Look below for the line with "Elatostema cyrtandrifolium"; begin the copy there and stop after the line with "Wild Pine Pollen", keeping the text exact and the pictures out.

..........

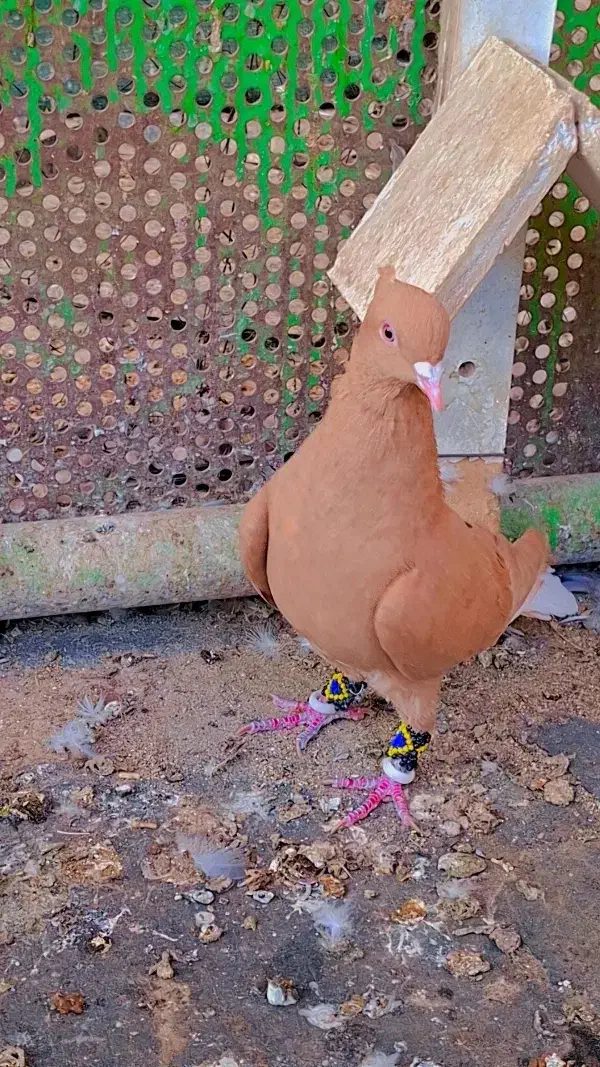 دم سفید زرد خال سیاه|پرنده|بندر ماهشهر, |دیوار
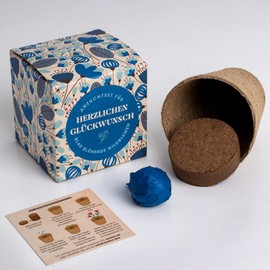 Resetea Growing Set Happy Birthday, Levkojen, St. John's Wort and Woundwort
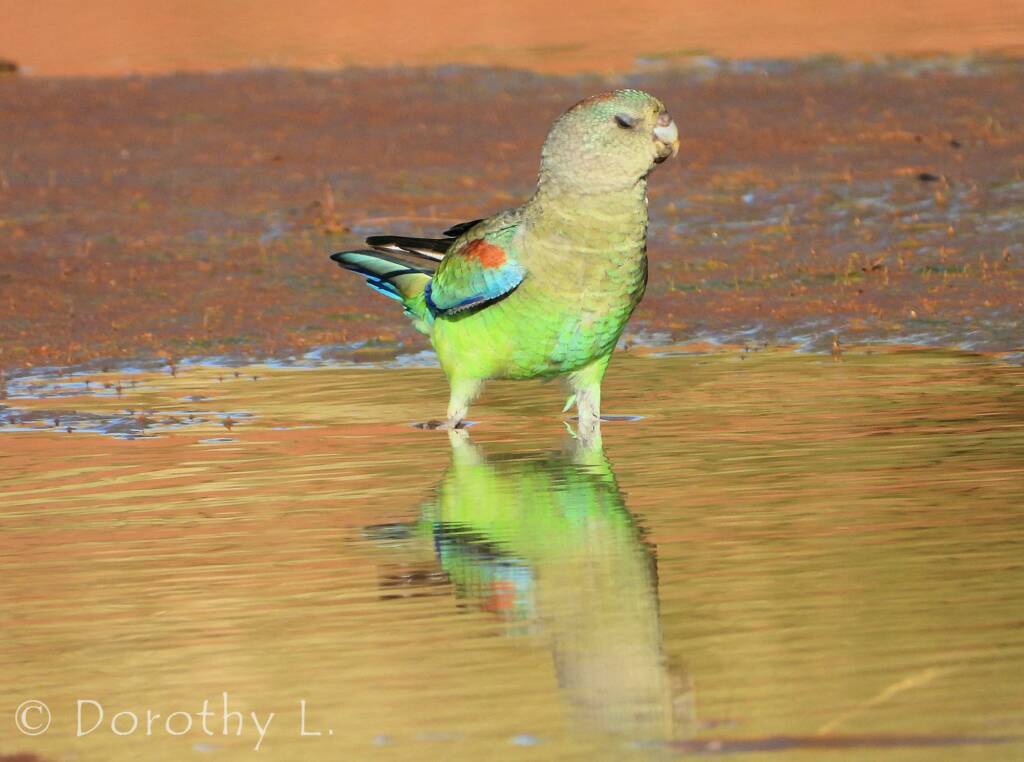 Mulga Parrot (Psephotellus varius)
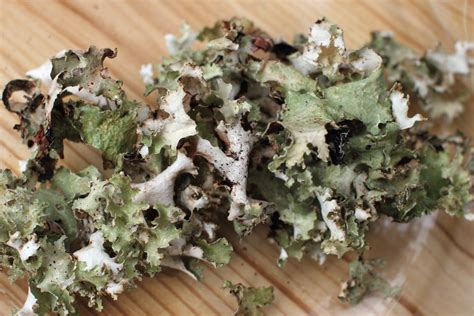 Dyeing with Lichens & Mushrooms :Cornell Mushroom Blog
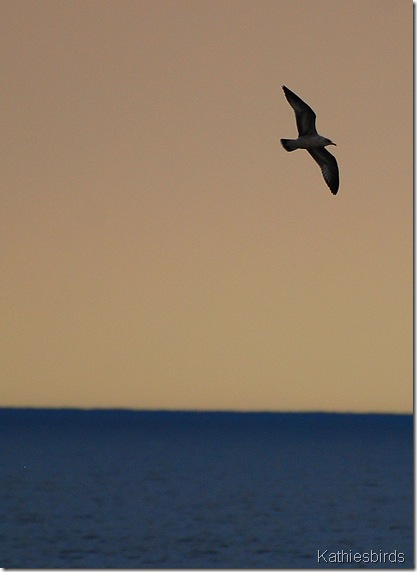 DSC_0213 DSC_0213
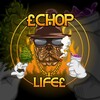 Logo of telegram channel choplifebb — £CHOP LIFE£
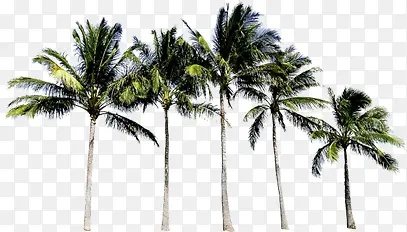 一排椰子树夏天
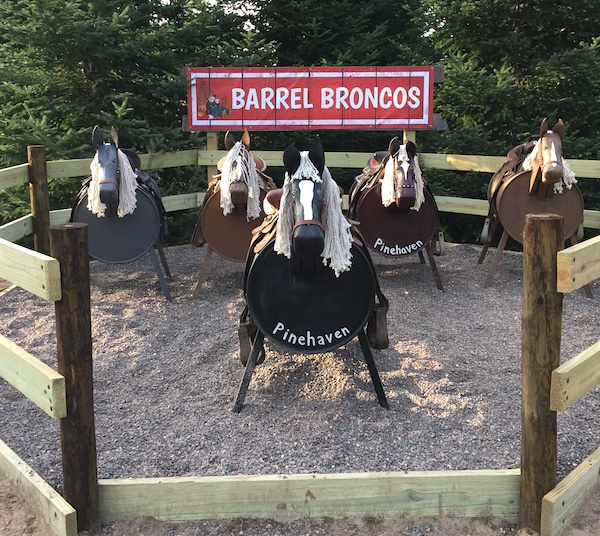 Pinehaven's Barrel Broncos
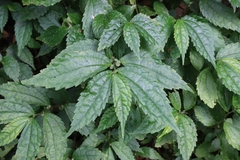 Elatostema cyrtandrifolium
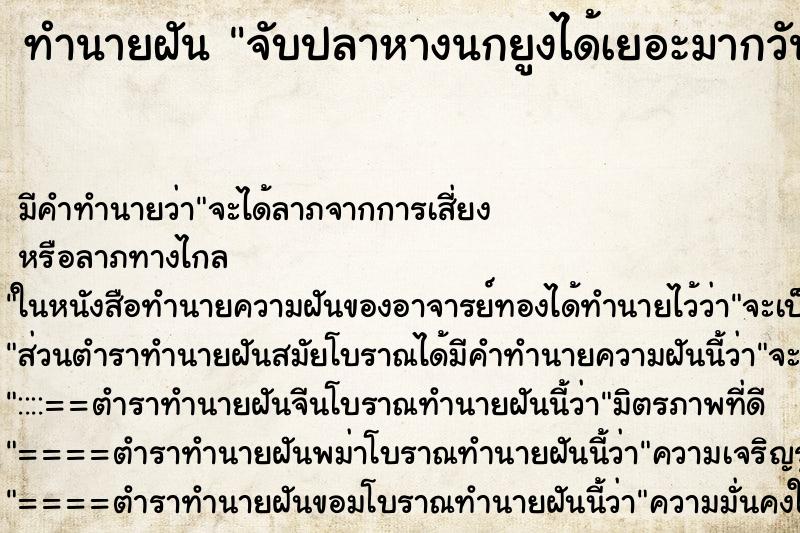 ทำนายฝันทำนายฝันจับปลาหางนกยูงได้เยอะมากวัน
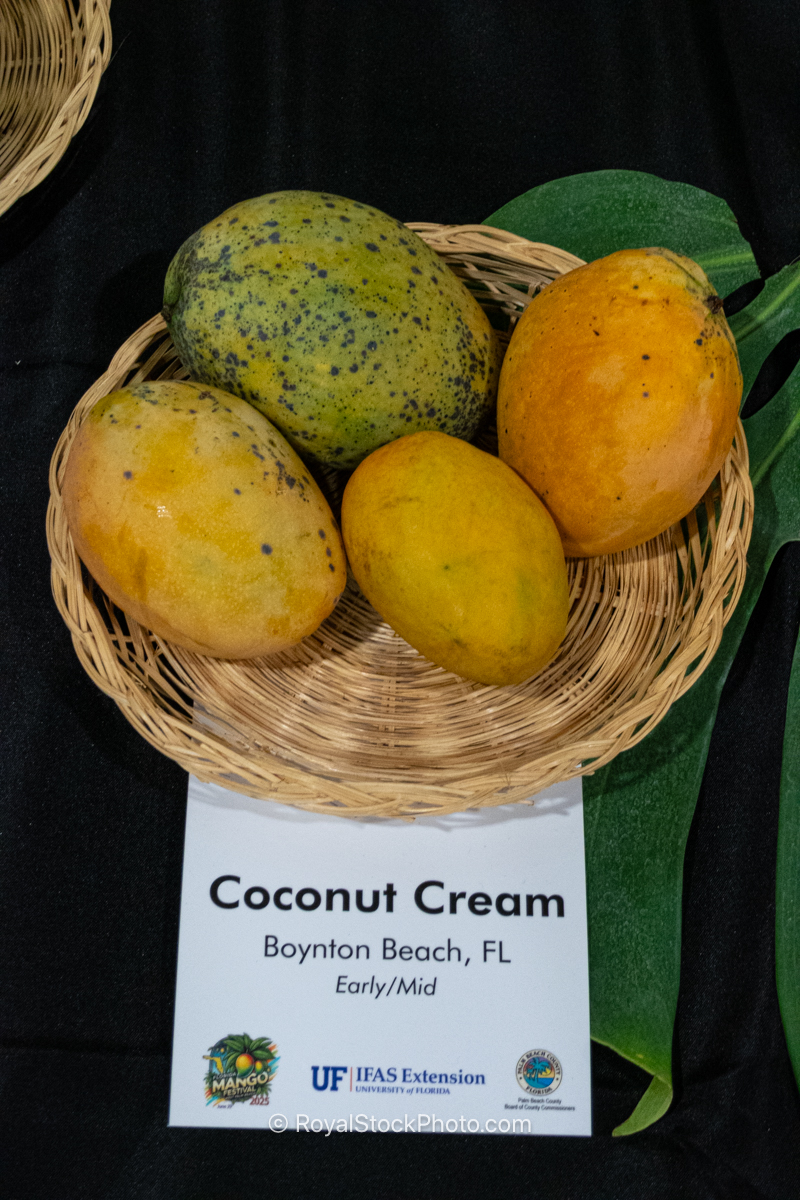 Coconut Cream mango fruit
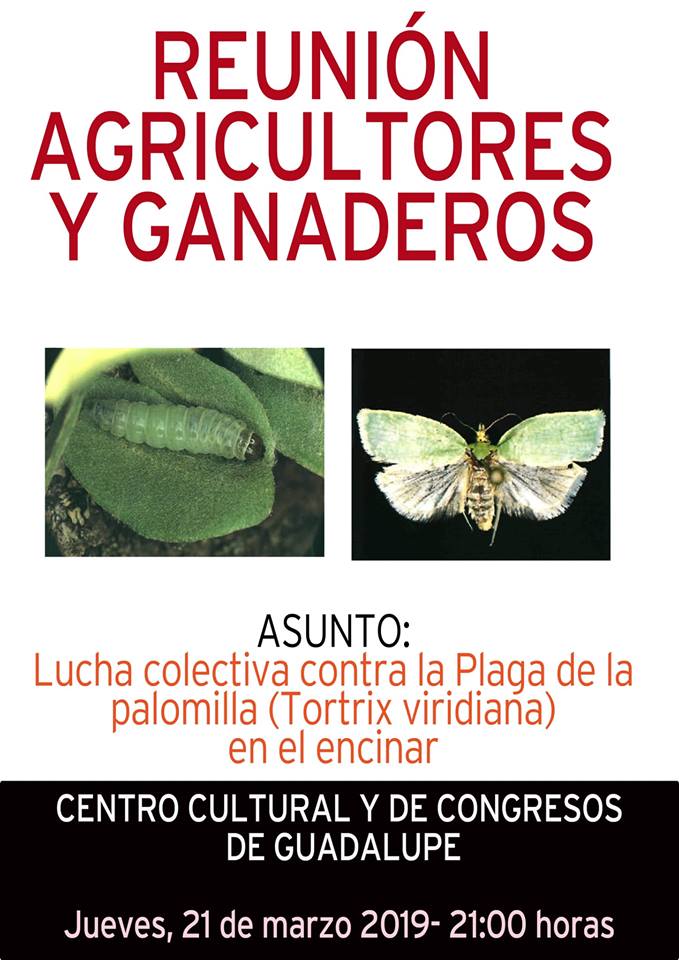 Reunión sobre la plaga de la palomilla 2019 - Guadalupe (Cáceres)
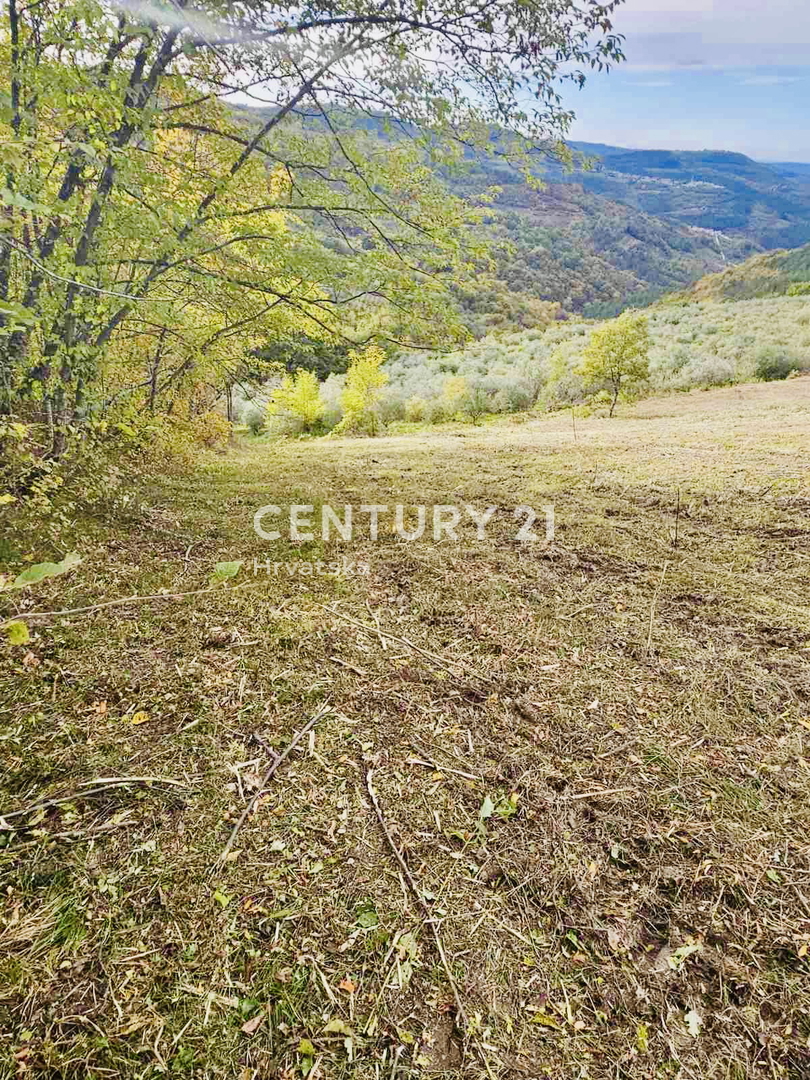 MOTOVUN, OKOLICA, GRADBENO ZEMLJIŠČE S PANORAMSKIM RAZGLEDOM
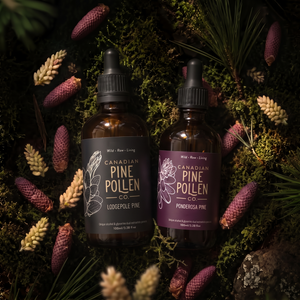 Wild Pine Pollen Tincture Duo - Certified Organic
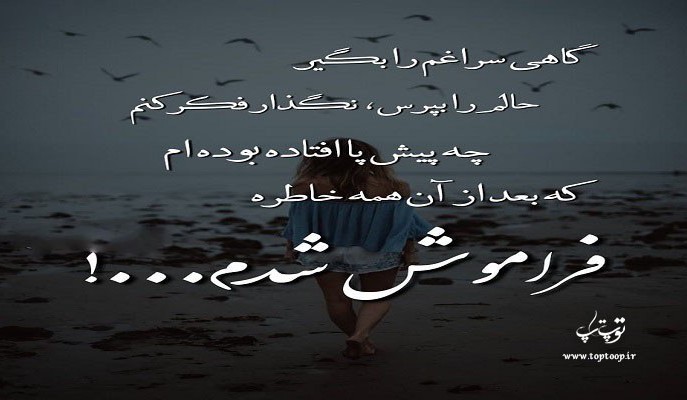گاهی سراغم را بگیر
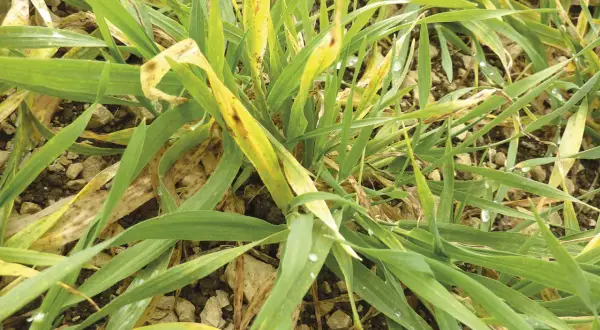 Plantes d'orge atteintes de jaunisse nanisante, montrant des feuilles vertes et jaunes avec des taches brunes.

..........

*PROBLEM SOLUTION*
 Elatostema cyrtandrifolium
 ทำนายฝันทำนายฝันจับปลาหางนกยูงได้เยอะมากวัน
 Coconut Cream mango fruit
 Reunión sobre la plaga de la palomilla 2019 - Guadalupe (Cáceres)
 MOTOVUN, OKOLICA, GRADBENO ZEMLJIŠČE S PANORAMSKIM RAZGLEDOM
 Wild Pine Pollen Tincture Duo - Certified Organic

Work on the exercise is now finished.